:: Your task ::
Would you retype the line that contains "Korea Credit Ticket" and all lines following it to the end of the entries below, exactly and without pictures?
*** Extracted entries ***
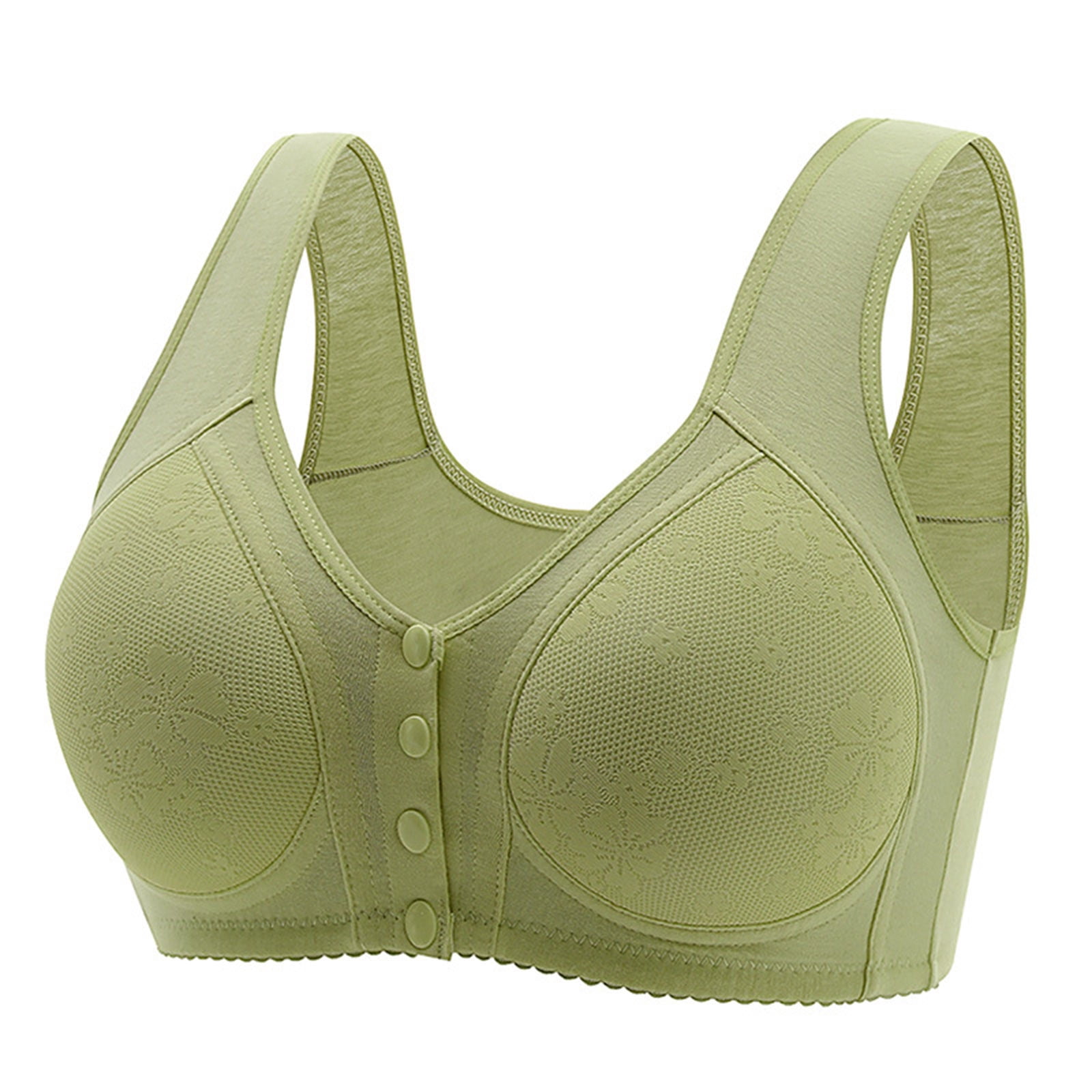 Yuyuzo Plus Size Front Snap Closure Bras for Seniors Wireless Bras Full Coverage Comfort Everyday Bras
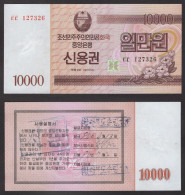 Korea Credit Ticket 2003 10000won AUNC+ - Corea Del Nord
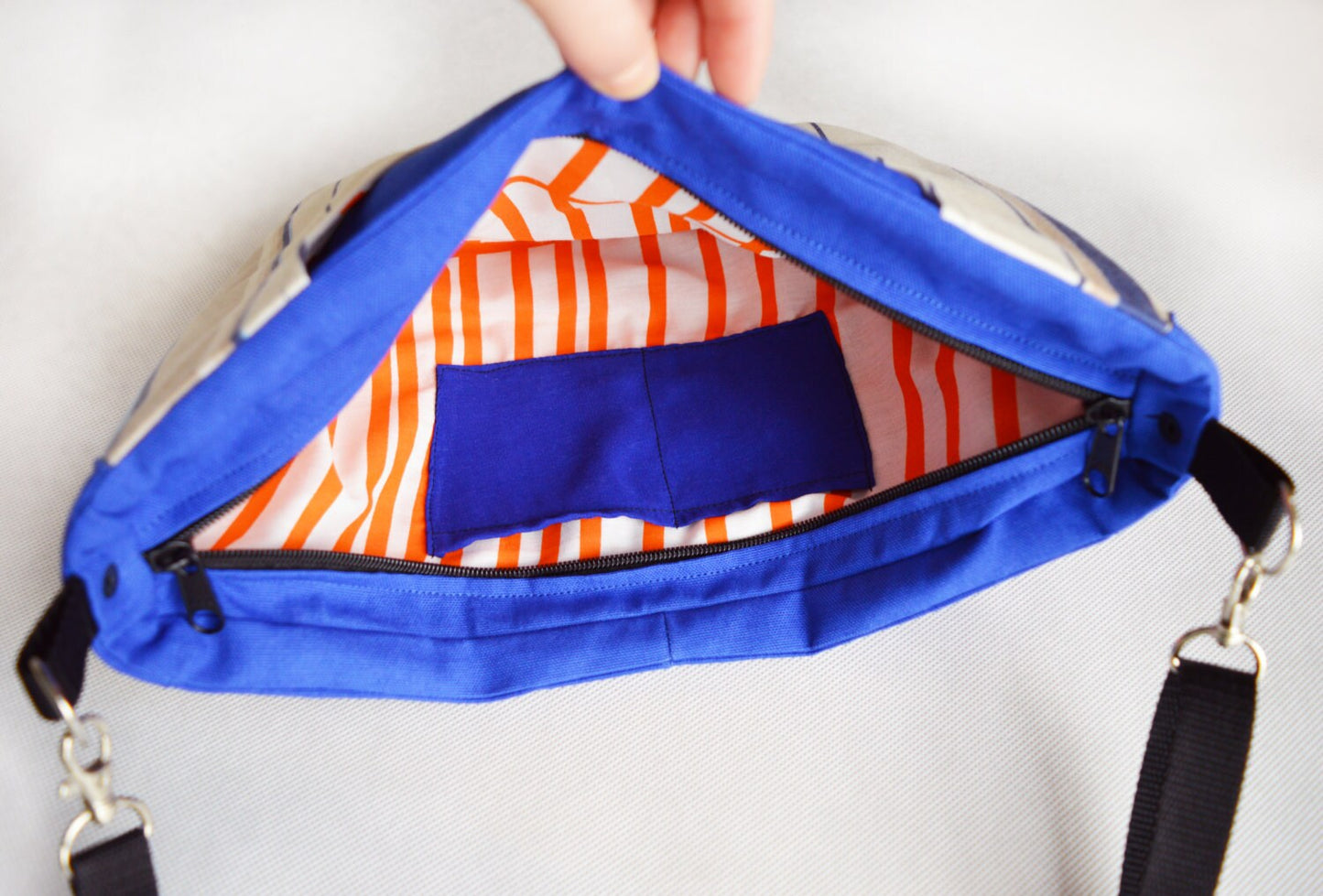 Striped blue purse crossbody bag concealed carry purse messenger bag canvas bag shoulder bag hobo bag royal blue purse beige strips sapphire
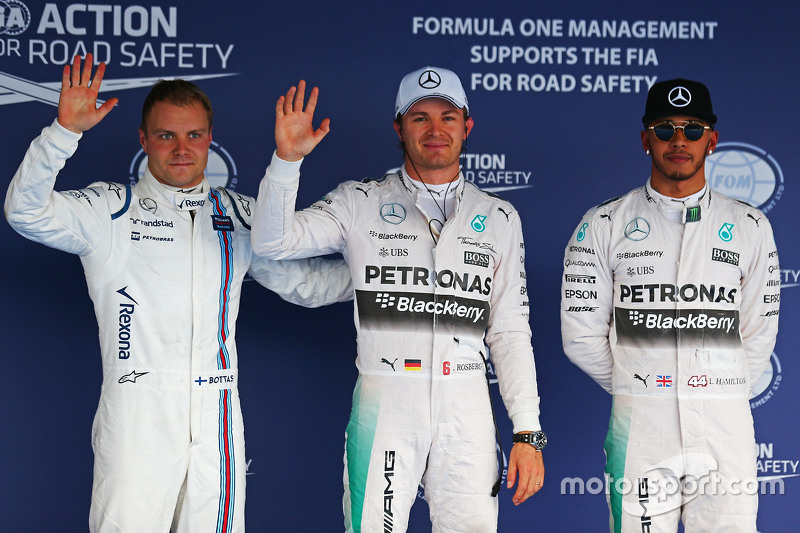 Qualifications : le troisième, Valtteri Bottas, Williams, le poleman Nico Rosberg et le deuxième, Lewis Hamilton, Mercedes AMG F1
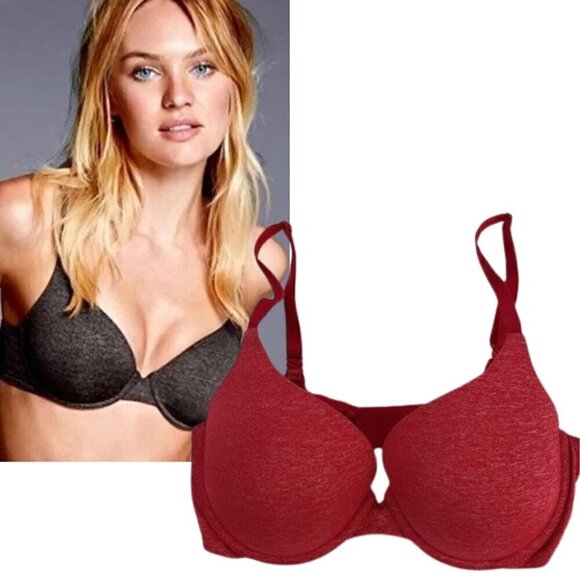 Victoria's Secret Bra Red Marled Uplift Semi Demi T-shirt Adjustable Straps 36D - Picture 1 of 9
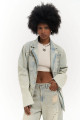 Mai Collection Charleston Kirli Mavi Blazer Jean Ceket Mai Collection Charleston Kirli Mavi Blazer Jean Ceket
*** End of Extracted entries ***
:: Result of the exercise ::
 Korea Credit Ticket 2003 10000won AUNC+ - Corea Del Nord
 Striped blue purse crossbody bag concealed carry purse messenger bag canvas bag shoulder bag hobo bag royal blue purse beige strips sapphire
 Qualifications : le troisième, Valtteri Bottas, Williams, le poleman Nico Rosberg et le deuxième, Lewis Hamilton, Mercedes AMG F1
 Victoria's Secret Bra Red Marled Uplift Semi Demi T-shirt Adjustable Straps 36D - Picture 1 of 9
 Mai Collection Charleston Kirli Mavi Blazer Jean Ceket Mai Collection Charleston Kirli Mavi Blazer Jean Ceket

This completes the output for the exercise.